The National Resource Center on Domestic Violence says that while violence may increase during the holidays, calls to emergency lines and shelter resources may actually decrease between Thanksgiving and New Year’s Eve. Data from the National Domestic Violence Hotline indicates hotline call volumes drop by approximately half on Thanksgiving Day, 53 percent on Christmas and by 30 percent on New Years They begin to rise dramatically though after New Year’s Day. Experts speculate that women with children might try to keep the family together during the holidays to preserve children’s holiday memories or hope that increased family presence will provide protection. By New Year’s day however, they’ve had enough.
Domestic violence spreads across all socioeconomic statuses and is as likely to occur in wealthy homes as poor ones, urban homes as rural ones. Kaminsky says in the court system, however, she sees more women from poor and lower middle class incomes. Kaminsky says, “When you have limited amounts of money. You’re stuck. You can’t get out. When you have money, you have more options. Without resources where are you going? You need a bed, and food on the table, it’s not so easy to pick up and leave, especially once you have children. He’s the father. The children have a relationship with him. Who is going to pay to support the kids? The children are in school. It becomes so much more complicated once children are involved.”

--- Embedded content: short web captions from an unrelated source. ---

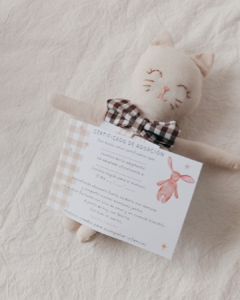 GATITO APEGO + CERTIFICADO DE ADOPCION - comprar online
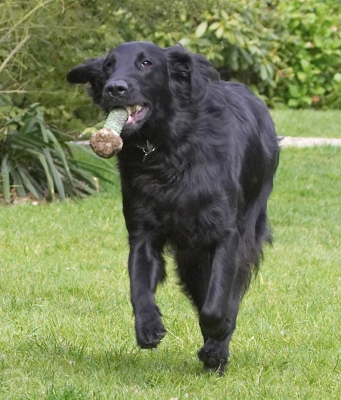 This is called multi-tasking!
Anahtar kelimeler: Loki Flatcoated Retriever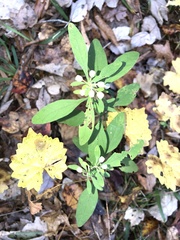 Scutellaria integrifolia
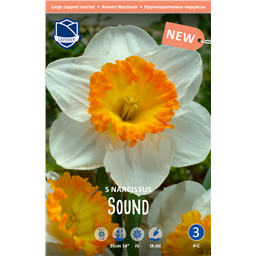 Нарцисс Саунд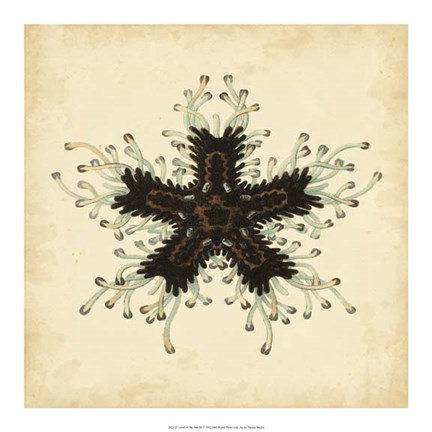 Framed Gems of the Sea III Print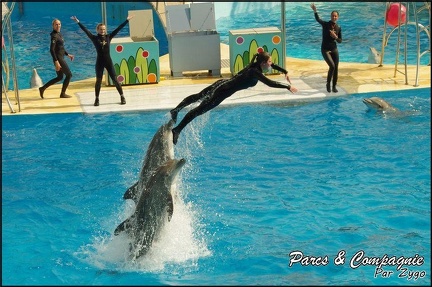 Marineland - Dauphins -Spectacle 14h30 - 033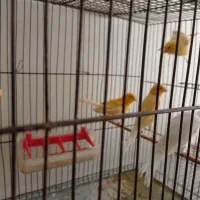 فروش قناری|پرنده|بهبهان, |دیوار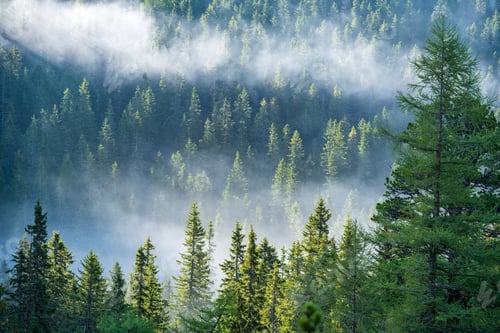 Preview: Mist Rising From Valleys In Forest In Slovakia Tatra Mountains. Sunny Day Seen From Above, Walking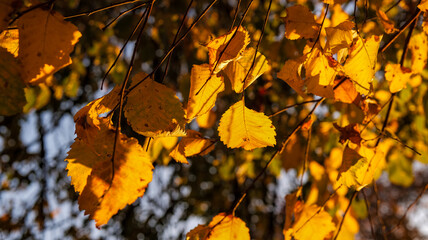 autumn leaves in the sun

Kaminsky shared a holiday story from her book about a case she prosecuted. “The whole event took place on Christmas Day. The victim and her boyfriend spent Christmas with some of her children at the victim’s daughter’s house. That’s where the fight started. When the boyfriend decided to leave, the victim worried he’d return to her house where her teenage daughter was. She went with him, because she didn’t want him alone with her daughter. She hoped he settle down once they got back to her apartment, but instead, he assaulted her, forced her into the bedroom, punched her in the head and raped her. This is her Christmas day. Eventually, he lit her apartment on fire and she lost everything. She got out and pressed charges.” Even though the abuser had a history of violence and arson with other women, he was found not guilty.
What should women (and men) do if they’re in a violent relationship?
- Start creating a safety plan by reaching out to a trusted friend.
- Research resources including shelters, hotlines and friends’ houses, but be very careful to do your research on computers and phones your abuser has no access to.
- Study the National Domestic Violence Hotline’s Safety Planning site.
- The National Domestic Violence Hotline is 1-800-799-SAFE(7233).
- Call the Police and press charges
- Get out of the house and go to a neighbor.
- Tell your doctor or midwife you’re being beaten.
We wish you a safe and healthy holiday season and encourage you to seek help if any of the above resonates even in the slightest way. You’re not alone. In fact, there are countless women out here going through the exact same thing. There are at least as many out there who are trained and ready to help you take the steps to safety that you and your children may need and be ready for. The first step is this: share your story with someone. Then you will be on your way to safety.